# "Exempt everything except the family home from CAT"



## Brendan Burgess (16 Oct 2017)

This interesting suggestion was made by Merryn Somerset Webb in the FT as a way of dealing with the housing crisis in the UK. 

She proposes a tax of 20% on inheritances of the family home. 

The idea is that it will encourage people to downsize.  

If you sell your family home and buy shares and leave those shares to your children, they will pay no tax.

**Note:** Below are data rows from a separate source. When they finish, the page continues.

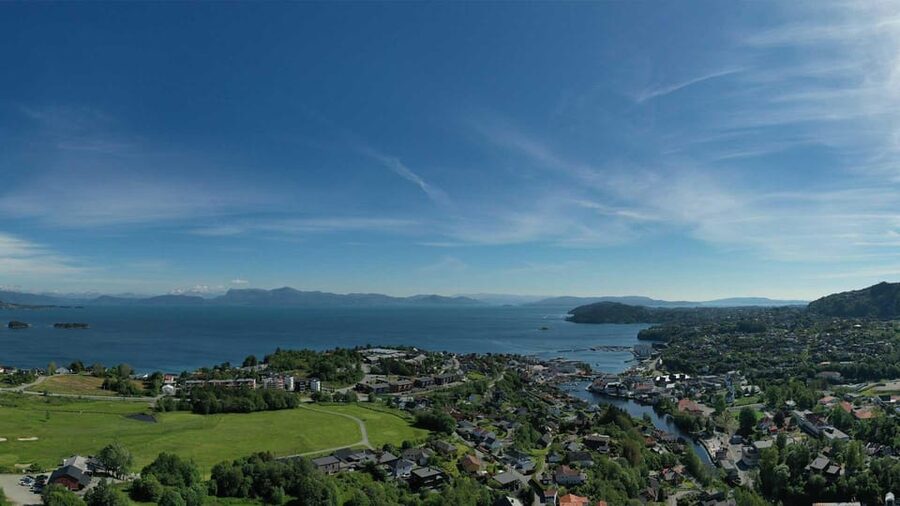 Fjords are best seen from above! - Who should book this flight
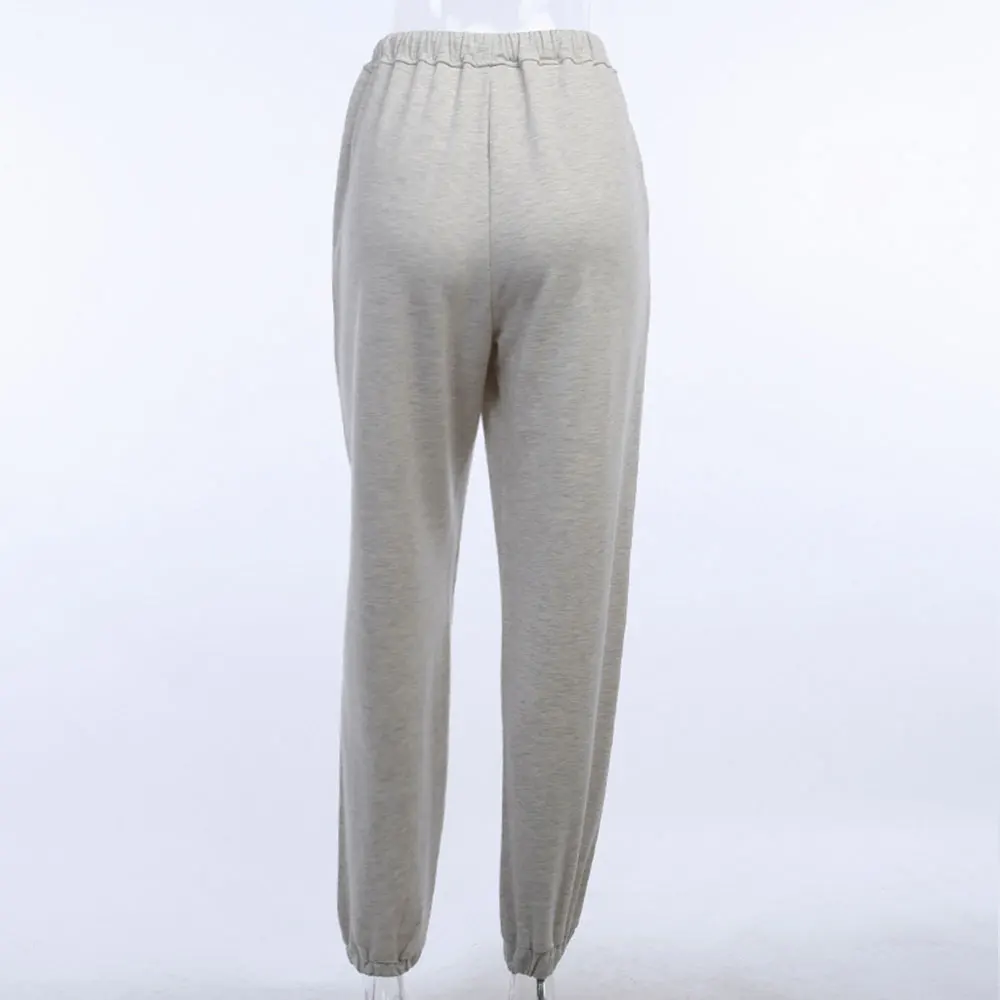 Fashion Printed Letter Women Sweatpants With Pockets High Waist Casual Loose Trouser Casual Unsex Hip Hop Funny Cool Outwear
Fashion Printed Letter Women Sweatpants With Pockets High Waist Casual Loose Trouser Casual Unsex Hip Hop Funny Cool Outwear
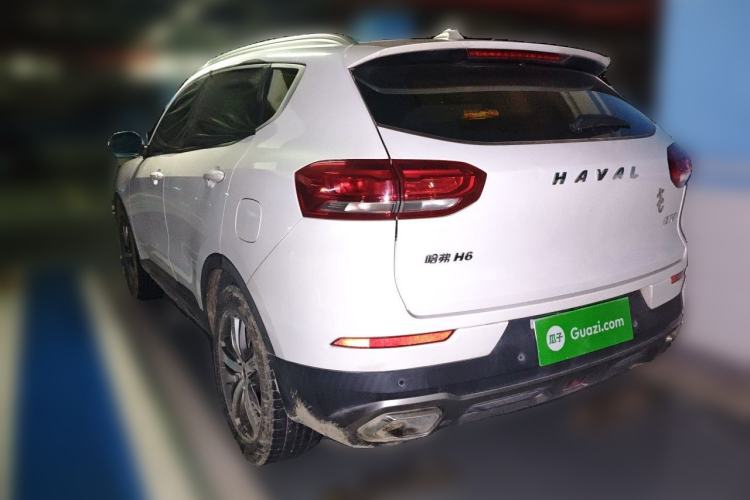 Used Haval H6 2017 Red-Label 1.3T Automatic Two-Wheel Drive ZhiShang Model Rear Left 45 Deg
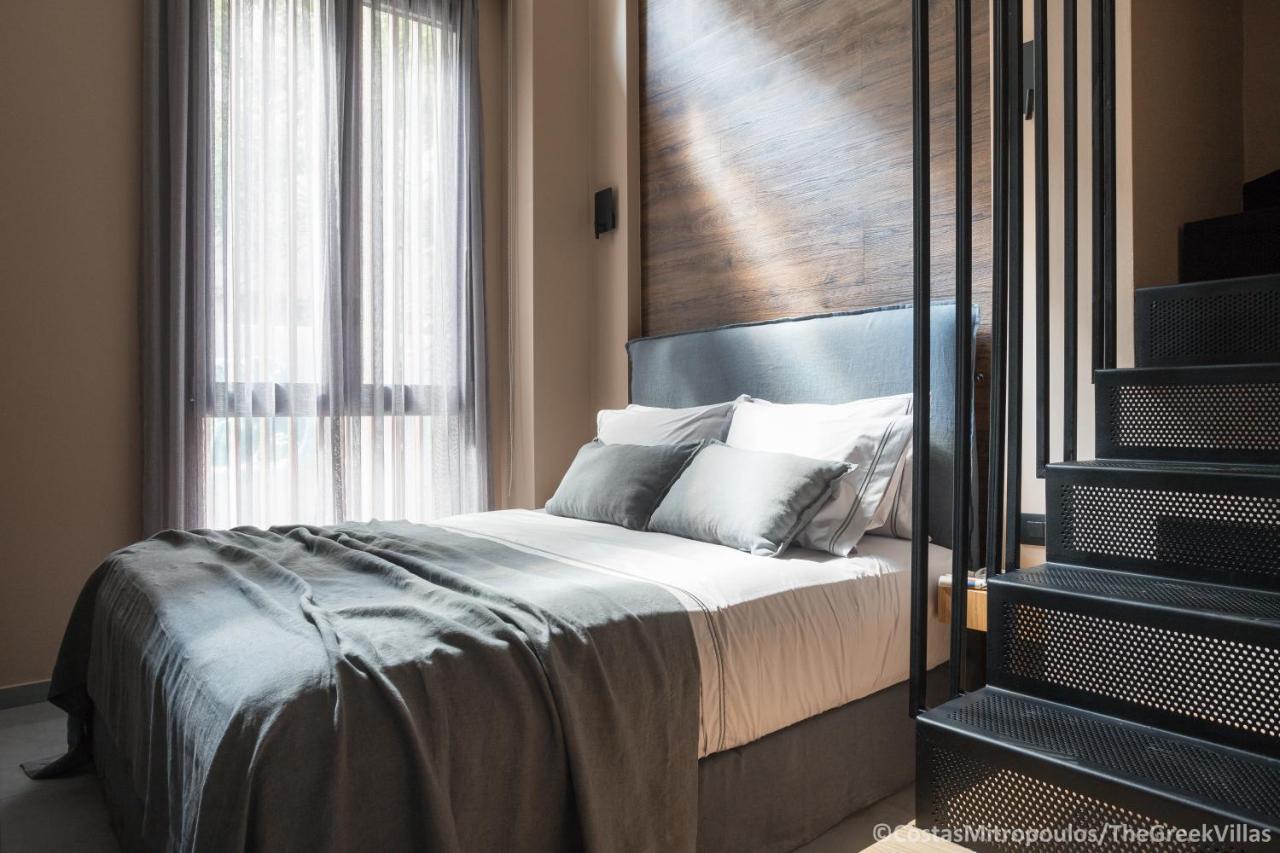 11 Enteka Acropolis Suites เอเธนส์ ภายนอก รูปภาพ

If you leave the family home to them, they will pay 20% tax. 

Brendan


----------



## odyssey06 (16 Oct 2017)

A little confused... you sell your family home and then rent? 
The share exemption is maxxed out at the sale value of the home?
Presumably if you buy a smaller property and try to leave that it would be taxed at 20%?


----------



## Brendan Burgess (16 Oct 2017)

Hi Odyssey 

Here is a link to the full article. 

https://www.ft.com/content/811463be-af4b-11e7-aab9-abaa44b1e130?mhq5j=e7

The property piece is the last few paragraphs: 


_Finally, a word on the UK property market. I have, like all other commentators, been thinking again about a possible solution to its various problems (beyond the obvious one of raising interest rates to crash prices). And I think I might have a partial solution. It involves inheritance tax. David Cameron introduced an add-on to the tax regime called the main residence nil-rate band, which by 2020 will allow a couple an extra £350,000 tax-free allowance to use to pass on a family home. This is a bit silly. It perpetuates and legitimises the deeply destructive idea that homes are the be all and end all and it discriminates against those who don’t own them. 

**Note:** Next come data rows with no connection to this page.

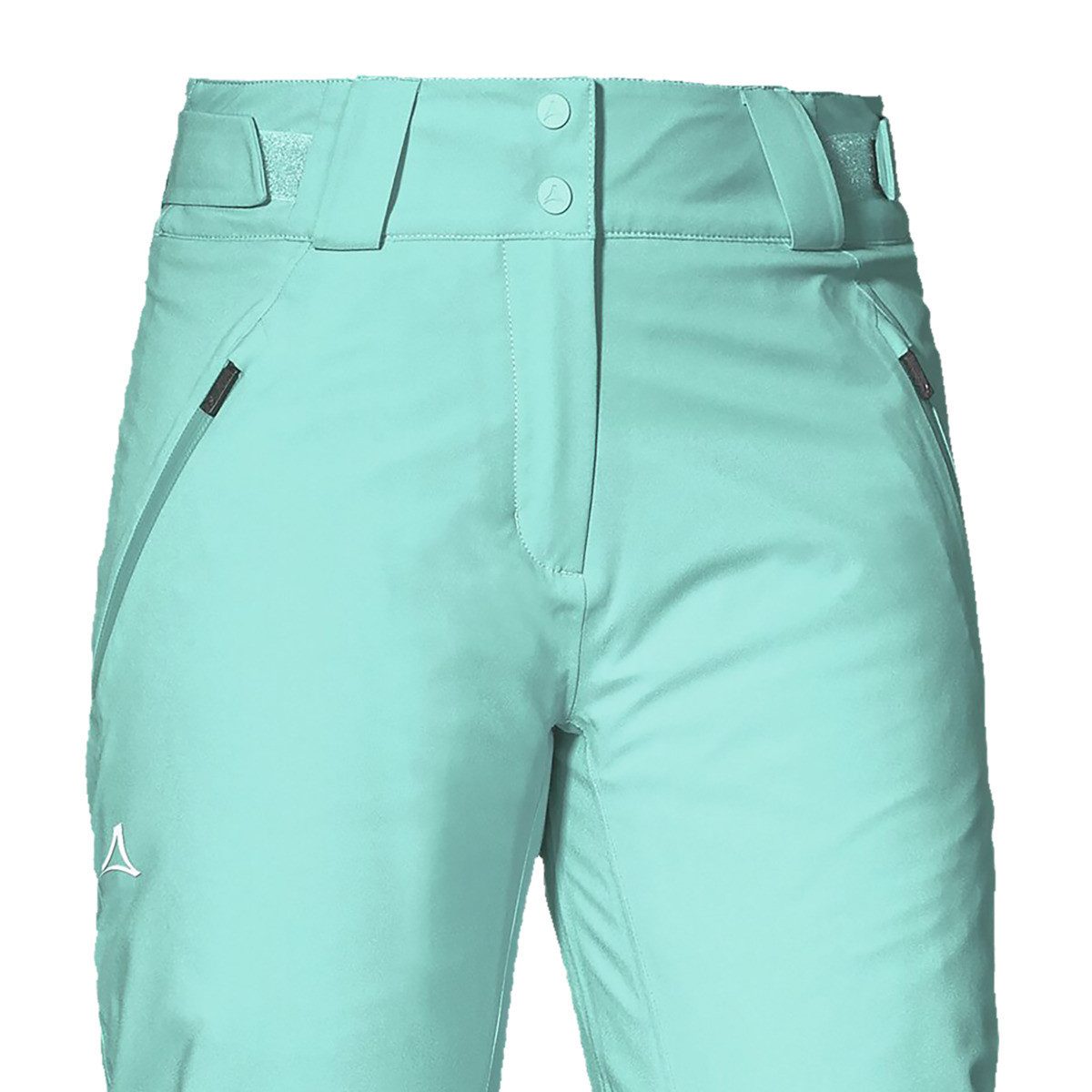 Schöffel Skihose Weissach Damen Winterhose, Outdoorhose, Thermohose, Schneehose, Latzhose
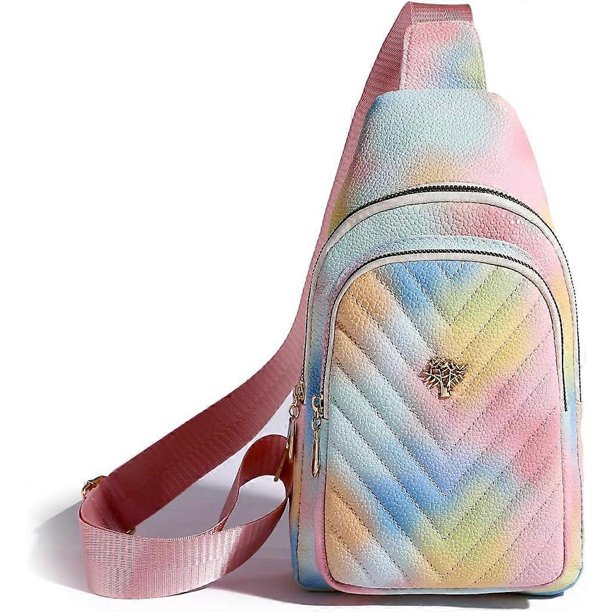 Small Sling Bag for Women Crossbody Purse, Crossbody Bags for Women Trendy Chest Bag Sling Backpack for Walking Shopping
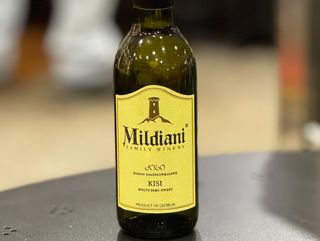 Kisi wine, white semi-sweet, 0,187 L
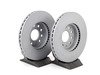 ES#2762650 - 1K0698047kt - Front Brake Service Kit (288x25) - Featuring Zimmermann rotors & Akebono ceramic pads - Assembled By ECS - Volkswagen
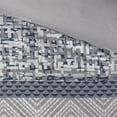 thumbnail image 3 of Madison Park Rhapsody 7-Piece Polyester Jacquard Comforter Set in Navy Finish, 3 of 16
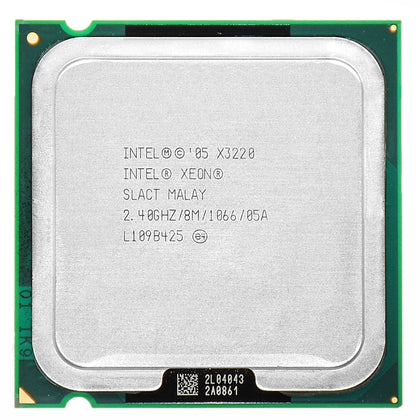 0HP110 | Dell 2.40GHz 1066MHz FSB 8MB L2 Cache Intel Xeon X3220 Quad Core Processor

 How about if we reverse it and then drop IHT on all assets apart from residential property? So all investments in everything else — equities, bonds, family firms, gold bullion and so on — pass on tax free. But all houses are taxed on death at, say, 20 per cent of their market value or perhaps even just on their capital gains (no allowances).

 That should encourage the retired to downsize — possibly even freeing up the cash to pay for their own social care along the way. And it might even mark a turning point in the way we view houses, from a must-hoard item to an end-of-life hot potato. Problem solved. Comments welcome._


----------



## T McGibney (16 Oct 2017)

All suggestions emanating from the UK in relation to inheritance tax policy need to be viewed in the light that they don't have any form of gift tax, and wealth can freely be transferred tax-free across generations by way of gift.


----------



## Gordon Gekko (16 Oct 2017)

T McGibney said:


> All suggestions emanating from the UK in relation to inheritance tax policy need to be viewed in the light that they don't have any form of gift tax, and wealth can freely be transferred tax-free across generations by way of gift.



And also through the prism of ISAs, the ability to realise a meaningful level of capital gains each year (>£10k), etc


----------